Scan the records below and copy every line that contains the string "Brown".

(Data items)
-- Opening Marker --
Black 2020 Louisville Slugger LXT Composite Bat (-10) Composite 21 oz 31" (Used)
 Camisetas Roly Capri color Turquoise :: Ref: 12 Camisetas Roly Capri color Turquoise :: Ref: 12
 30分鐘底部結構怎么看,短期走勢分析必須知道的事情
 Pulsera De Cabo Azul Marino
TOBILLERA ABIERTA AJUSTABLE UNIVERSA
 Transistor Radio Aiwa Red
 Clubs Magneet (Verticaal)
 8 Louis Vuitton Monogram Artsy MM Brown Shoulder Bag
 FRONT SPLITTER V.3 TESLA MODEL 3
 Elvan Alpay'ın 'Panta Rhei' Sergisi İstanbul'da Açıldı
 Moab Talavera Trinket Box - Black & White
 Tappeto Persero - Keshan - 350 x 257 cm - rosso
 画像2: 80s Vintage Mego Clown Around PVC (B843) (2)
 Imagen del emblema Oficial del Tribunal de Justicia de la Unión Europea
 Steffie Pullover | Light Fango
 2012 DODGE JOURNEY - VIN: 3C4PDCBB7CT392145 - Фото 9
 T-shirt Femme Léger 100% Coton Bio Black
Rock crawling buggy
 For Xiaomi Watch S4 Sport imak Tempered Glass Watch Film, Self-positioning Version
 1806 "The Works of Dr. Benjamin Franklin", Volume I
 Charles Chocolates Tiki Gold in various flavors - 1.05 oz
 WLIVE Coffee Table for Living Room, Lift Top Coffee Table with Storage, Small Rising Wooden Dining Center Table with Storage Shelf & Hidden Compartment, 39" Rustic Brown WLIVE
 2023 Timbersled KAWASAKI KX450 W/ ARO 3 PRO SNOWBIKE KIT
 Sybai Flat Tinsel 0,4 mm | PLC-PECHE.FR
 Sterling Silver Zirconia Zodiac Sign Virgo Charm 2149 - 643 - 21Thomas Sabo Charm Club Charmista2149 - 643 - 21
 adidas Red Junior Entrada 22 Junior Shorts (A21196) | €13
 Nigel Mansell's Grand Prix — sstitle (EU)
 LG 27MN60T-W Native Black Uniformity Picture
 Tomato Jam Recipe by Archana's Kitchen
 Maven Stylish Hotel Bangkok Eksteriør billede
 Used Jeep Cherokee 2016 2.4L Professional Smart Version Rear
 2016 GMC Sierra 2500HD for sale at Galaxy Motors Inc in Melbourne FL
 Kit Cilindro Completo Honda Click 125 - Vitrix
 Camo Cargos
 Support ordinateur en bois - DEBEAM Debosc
-- Closing Marker --
Solution below:
 8 Louis Vuitton Monogram Artsy MM Brown Shoulder Bag
 WLIVE Coffee Table for Living Room, Lift Top Coffee Table with Storage, Small Rising Wooden Dining Center Table with Storage Shelf & Hidden Compartment, 39" Rustic Brown WLIVE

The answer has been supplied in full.